We have seen how earnestly the Lord desires to teach men the right ways of doing life's duties, that they may find in them the fullest satisfaction. How many passages in the Gospel story show that the Lord was constantly doing this as He walked with men on earth! He likened Himself to a sower, and His words to seeds of grain. "A sower went out to sow his seed: and as he sowed, some fell by the way side; . . . some fell upon a rock; . . . some fell among thorns; . . . and other fell on good ground. The seed is the word of God. . . . That on the good ground are they which in an honest and good heart, having heard the word, keep it, and bring forth fruit with patience." (Luke viii. 5-15) The Lord's words are grains of wheat, because they teach us how to do our duties in a heavenly spirit. They should spring up in our minds into intelligent plans for usefulness, and should result in duties done with heavenly satisfaction. (D. Life 90; AE 401; AC 3310)

On two occasions the Lord not only compared His instruction to grain, but He actually gave bread from His hand and fed the multitude. "Jesus said, Make the men sit down. Now there was much grass in the place. So the men sat down, in number about five thousand. And Jesus took the [barley] loaves; and when he had given thanks, he distributed to the disciples, and the disciples to them that were set down; and likewise of the fishes as much as they would." (John vi. 10, 11) Why did He feed them with barley loaves and not with "the finest of the wheat"? He gave as they were able to receive. Even today Christian people know little of the blessedness of doing their duties for the Lord, though many are sustained by the satisfaction of helping one another.
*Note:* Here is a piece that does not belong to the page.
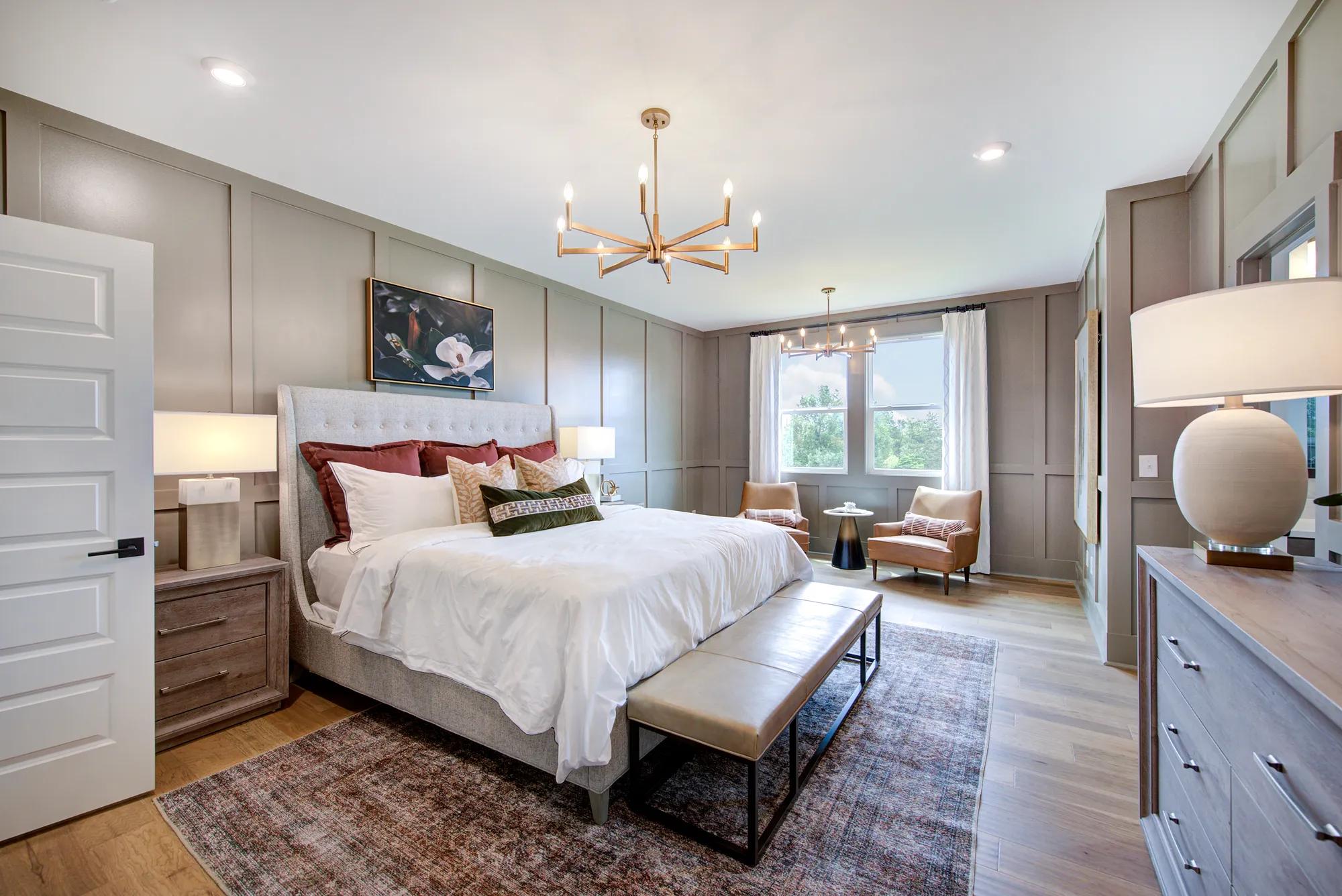 New home primary suite with luxury vinyl tile floors and chandelier lighting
The barley loaves represent the natural satisfaction, and the fishes the natural understanding, which people have been able to receive from the Lord. (AE 617, 430) "And it came to pass . . . that he went through the corn fields; and his disciples plucked the ears of corn, and did eat, rubbing them in their hands." (Luke vi. i) As the Lord's disciples listen to His words and see the example of His works, they are strengthened in the purpose to do their duty faithfully, not from any store of stale traditional learning, but from the living example of the Lord's own life. They pluck the growing grain and eat. (TCR 301)
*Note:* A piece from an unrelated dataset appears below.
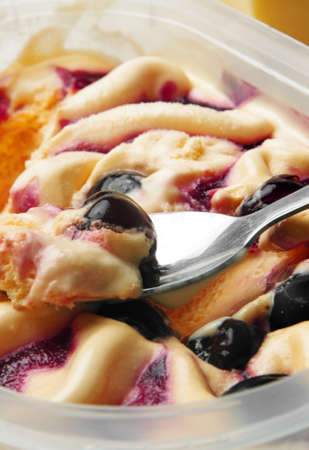  ice cream with berries and spoonの写真素材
This same purpose in His coming into the world - to teach us to do life's duties from heavenly motives, and to find in them strength and satisfaction for our souls - the Lord emphasizes when He says, "I am the living bread which came down from heaven if any man eat of this bread he shall live forever: and the bread that I will give is my flesh, which I will give for the life of the world." (John vi. 51; AC 3813, 9412; TCR 707; AE 617) The Lord still is with us in His Holy Supper to give us this same help. This is the meaning of the bread used in that sacred service. '° As they were eating, Jesus took bread, and blessed it, and brake it, and gave it to the disciples, and said, Take, eat; this is my body." (Matt. xxvi. 26) "This do in remembrance of me." (Luke xxii. 19; NJHD 210-2 14; TCR 702-710; AC 5405, 9412; AE 146) What spiritual blessing shall we especially desire when we say, "Give us this day our daily bread "? (Matt. vi. 11; AC 680, 2838, 2493)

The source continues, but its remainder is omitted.